Sumbarmadani.com-“Kita harus lihat ke dalam. Sudah banyak kegiatan ke-Perti-an yang kita lupakan. Ada tiga titipan pendiri Perti, yaitu pendidikan, dakwah, dan sosial; itu kita abaikan.” Demikian di antara pernyataan Ketua Umum Pengurus Pusat Persatuan Tarbiyah Islamiyah (Perti), Buya Syarfi Hutauruk, dalam pidato sambutannya untuk peringatan milad Perti ke-96, Minggu 05 Mei 2024.
Pidato sang ketua umum ini menarik, karena biasanya pidato-pidato sambutan dalam acara milad atau seremonial Perti lainnya cenderung berisi cerita-cerita heroik nan mengagumkan tentang kehebatan Perti di masa lalu; atau cerita tentang ratusan pesantren/madrasah Perti yang tersebar di berbagai penjuru, pun di masa lalu.

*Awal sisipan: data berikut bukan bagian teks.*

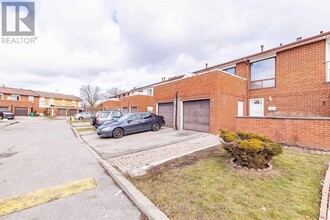 3430-3430 Brandon Gate Dr in Mississauga, ON - Building Photo - Building Photo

Namun, kali ini, sang Ketum berupaya meletakkan narasi masa lalu itu sejenak agar ia tidak sekadar menjadi “barang antik” sejarah untuk sekadar digosok-gosok dan dipamerkan.

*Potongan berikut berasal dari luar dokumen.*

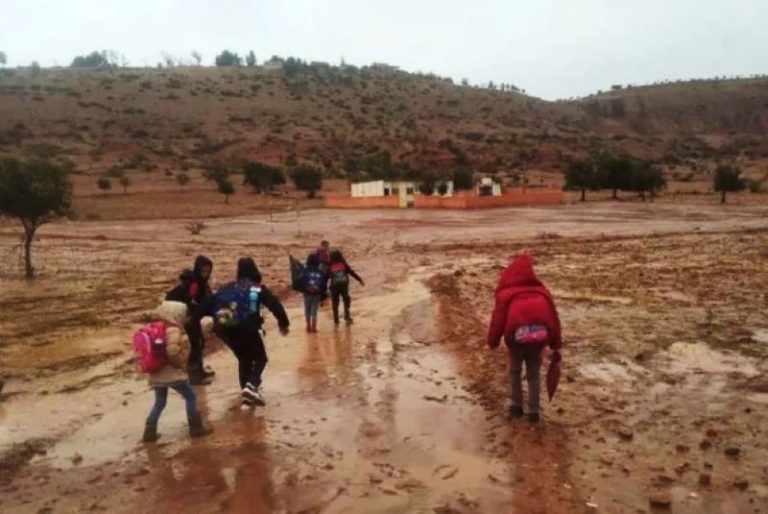 سوء الأحوال الجوية.. تمديد تعليق الدراسة لثلاثة أيام إضافية بإقليم تاونات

Buya Syarfi berterus terang menyatakan di depan publik bahwa organisasi yang sedang dipimpinnya ini sedang dirundung nestapa, dan kenestapaan itu berakar dari kealpaan. Berulang kali ia mengeluarkan istilah, kata, atau frasa yang menunjukkan kealpaan tersebut: “kita lupakan”, “kita abaikan”, “terlupakan”, “belum sempat kita lakukan”, “tidak semuanya tercatat”, “tidak bisa”, “tidak mampu”, dan ungkapan sejenis lainnya.

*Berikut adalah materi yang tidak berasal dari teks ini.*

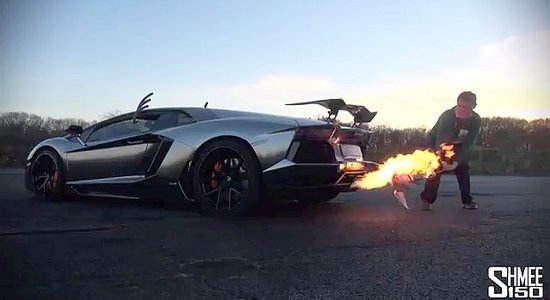 Video: Kā 'Lamborghini' izpūtēja liesmās izcept svētku tītaru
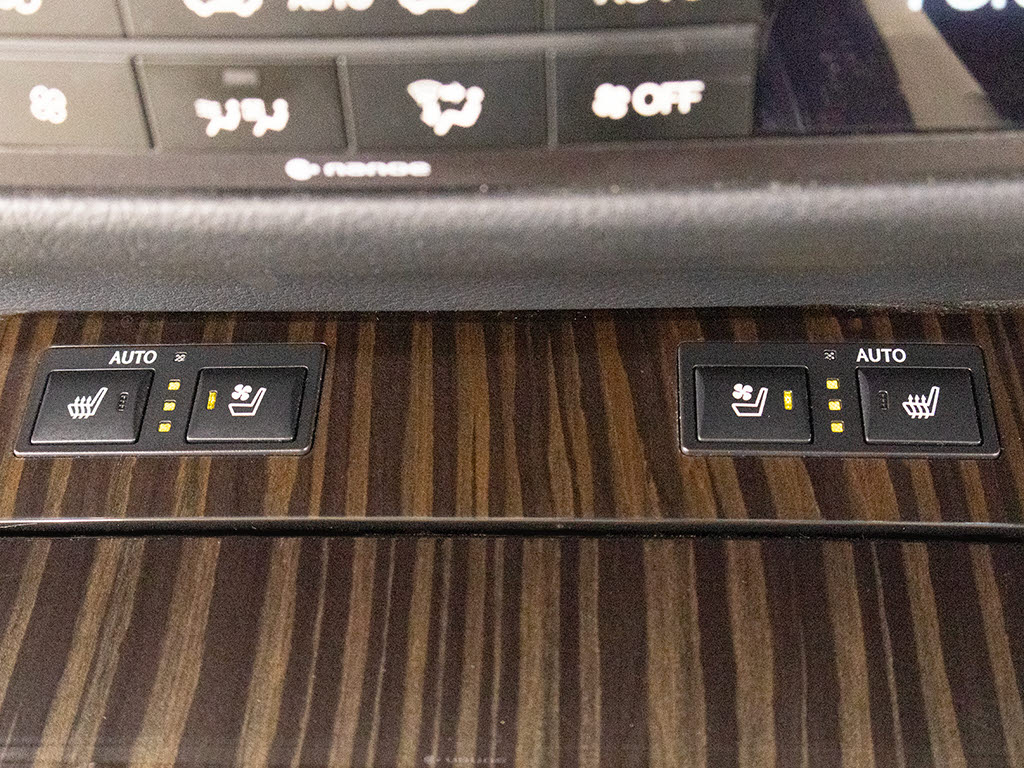 ★快適エアシート＆シートヒーターを装備し
ています！高級車ならではの装備です！シー
トが暖まる機能！シートから冷風が出る機能
！どちらも付いています！！寒い冬も、暑い
夏も快適にご乗車頂けますよ！！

Keberterusterangan dari pucuk pimpinan seperti ini adalah sebuah langkah yang sangat positif, karena hal itu menunjukkan bahwa organisasi ini mulai memahami dari titik mana harus berangkat dan ke mana akan melangkah. “Lebih baik jujur mengaku miskin daripada berpura-pura kaya”, kata sebuah meme yang sering terpampang di media sosial. Quote di meme itu terkesan agak slengean tapi ada benarnya, dan sepertinya cukup relevan untuk bahan refleksi dalam konteks mengurus organisasi.
Bahkan, ini lebih dari sekadar keberterusterangan. Pidato sang ketua umum tersebut menunjukkan adanya kesesuaian antara fakta di akar rumput dengan pembicaraan di tingkat paling atas di tubuh Perti. Jika kita amati langsung atau dengar suara dari akar rumput Perti, seperti pesantren-pesantren, MTI, jamaah surau, atau warga Perti di daerah-daerah, maka sebagian (besar) akan kita dapati suara bernada kerisauan: pesantren/madrasah yang kekurangan bangku, dindingnya yang masih papan, ruang asrama yang tidak layak, guru-guru yang harus berjuang ekstra untuk memenuhi kebutuhan keluarganya, orang tua yang kewalahan membayar SPP anak, dan dalam setahun terakhir setidaknya ada dua MTI di Sumatera Barat yang terkena musibah longsor (di Kabupaten Pesisir Selatan) dan kebakaran (Di Kabupaten Agam).
Itu baru dari aspek fisik, belum lagi segi non-fisik: munculnya penceramah “ugal-ugalan” yang suka membid’ah-bid’ahkan amalan jamaah Perti, surau-surau yang kehilangan guru, masjid-masjid yang tak punya imam yang layak atau sekadar muazzin, jumlah peminat judi online yang mengalahkan jamaah pengajian, tradisi muzakarah dan berdebat kaji yang semakin menghilang, bagaimana mengharmonikan kurikulum nasional dan kurikulum pesantren, dan seterusnya.
Suara-suara bernada kerisauan sekaligus penuh harapan dari pesantren/madrasah dan jamaah itu setidaknya mulai disuarakan oleh Ketua Umum di hadapan publik, di forum resmi milad Perti, disaksikan pengurus pusat dan daerah-daerah, lalu disiarkan secara langsung melalui kanal Youtube, dan bisa ditonton ulang oleh siapapun setelahnya (setidaknya hingga saat tulisan ini diketik, 06-05-2024).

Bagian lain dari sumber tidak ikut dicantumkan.